*** STORED DATA ***

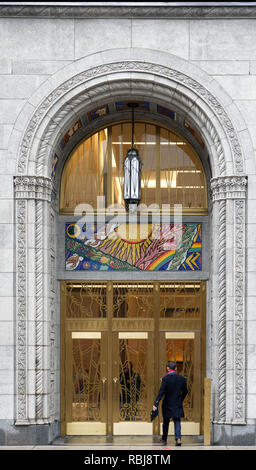 Un uomo di andare in porta del Concourse Building a Toronto in Canada Foto Stock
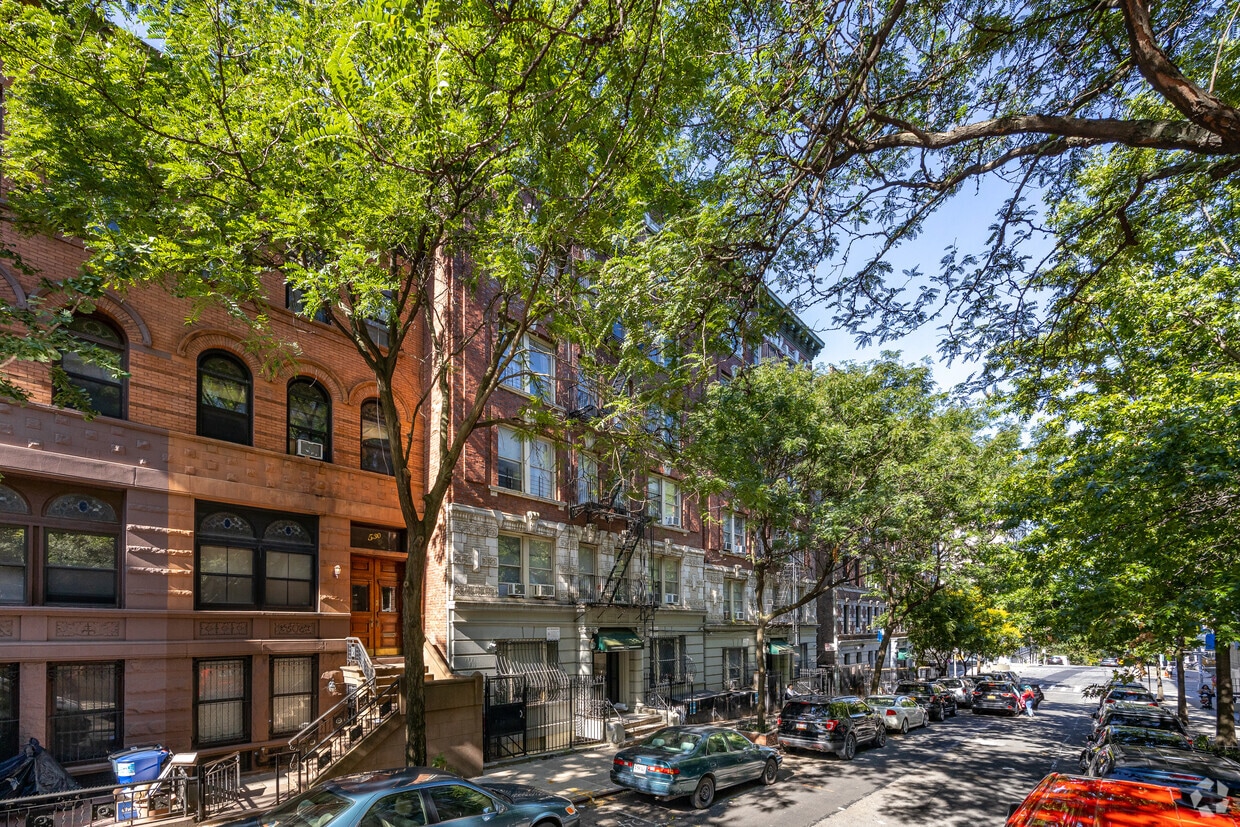 Primary Photo - 536 W 143rd St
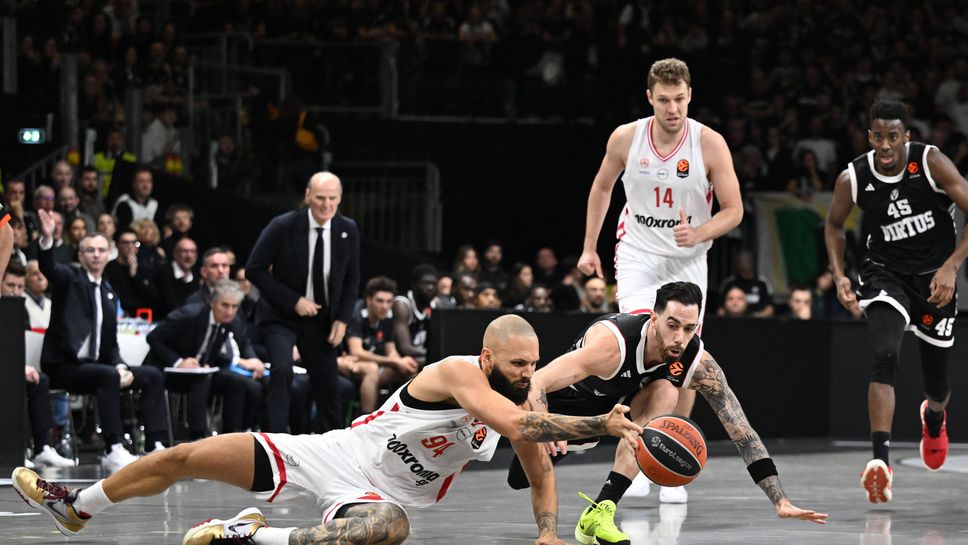 Олимпиакос пропиля преднина от 20 точки, но някак оцеля след късна драма в Болоня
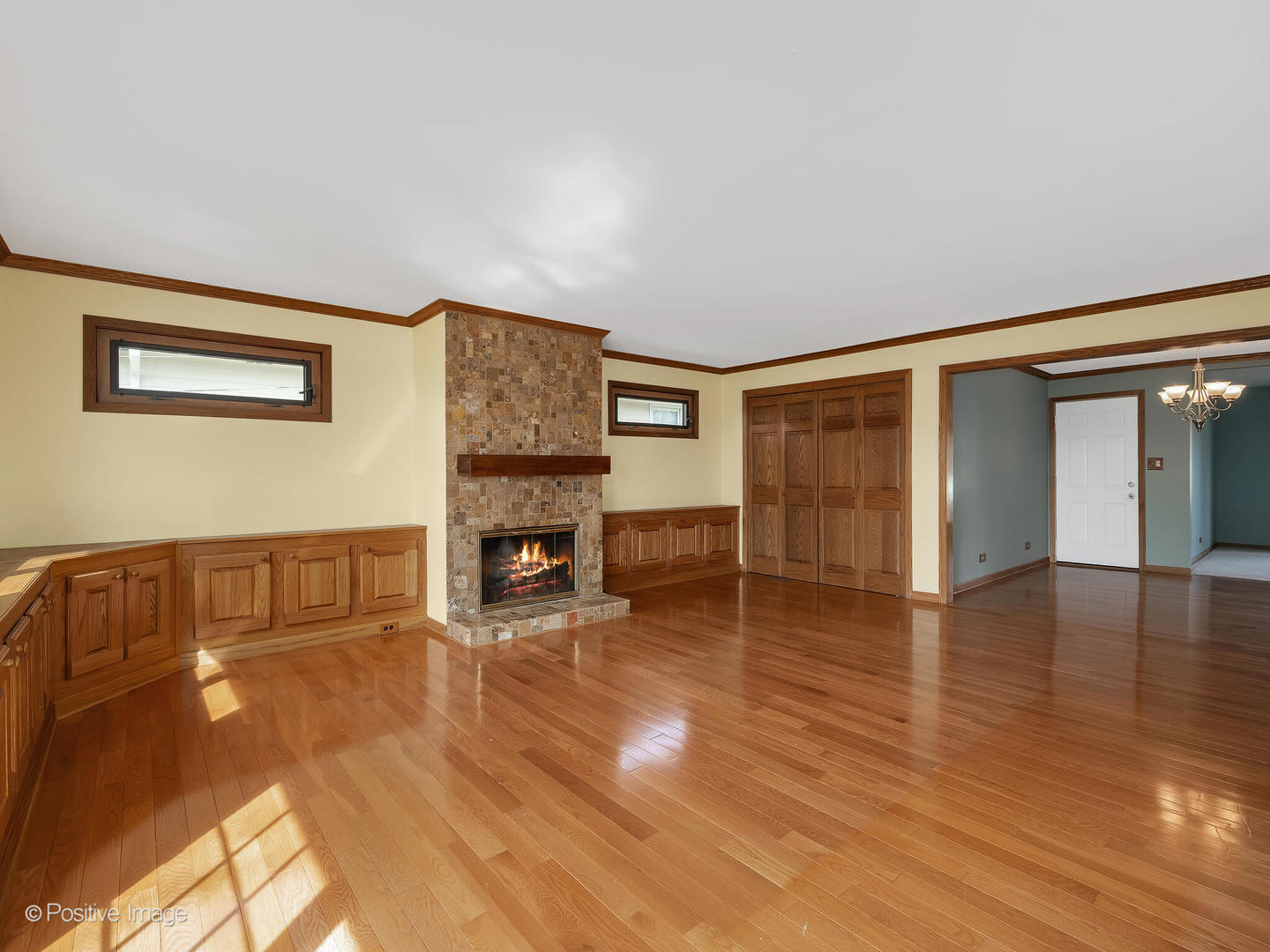 390 Arrowhead Trail, Carol Stream, IL 60188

*** End of STORED DATA ***

● **EXERCISE OBJECTIVE**
Using the material above, return every line exactly as it appears, minus the pictures.

● **PROBLEM SOLUTION**
 Un uomo di andare in porta del Concourse Building a Toronto in Canada Foto Stock
 Primary Photo - 536 W 143rd St
 Олимпиакос пропиля преднина от 20 точки, но някак оцеля след късна драма в Болоня
 390 Arrowhead Trail, Carol Stream, IL 60188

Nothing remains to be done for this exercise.